Хотя улица кишела жонглерами, музыкантами и фаерщиками, ужин проходил в мрачной атмосфере. Кароль грустила, Мило мучила совесть. Разговор крутился вокруг Тома и Авроры.
— Слушай, а с чего вдруг он начал писать романы? — внезапно спросил Мило.
Посреди ужина он понял, что не знает о друге самого главного.
— Что ты имеешь в виду?
— Том всегда любил книги. Но одно дело читать, а другое — писать самому. В юности ты общалась с ним больше, чем я. Он не рассказывал, как придумал свою первую историю?
— Нет, — поспешила ответить Кароль.
Но это было не так.
* * *
Малибу
20.00
Немного покатавшись по городу, я припарковал машину, которую в любой момент могли конфисковать, около уже не принадлежащего мне дома. Несколько часов назад я был в полной заднице, но на моем банковском счету лежало десять миллионов долларов. Теперь я был просто в полной заднице…

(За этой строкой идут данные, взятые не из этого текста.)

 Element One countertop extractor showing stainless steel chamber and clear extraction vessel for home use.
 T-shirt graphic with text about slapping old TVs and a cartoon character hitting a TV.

Я рухнул на диван разбитый и запыхавшийся, хотя не пробежал ни метра, и бездумно уставился на пологий скат потолка, поддерживаемый деревянными балками.
Ладони вспотели, голова раскалывалась, спину ломило, а желудок завязывался в узел. Сердце гулко билось в груди. Внутри у меня простиралась выжженная солнцем пустыня.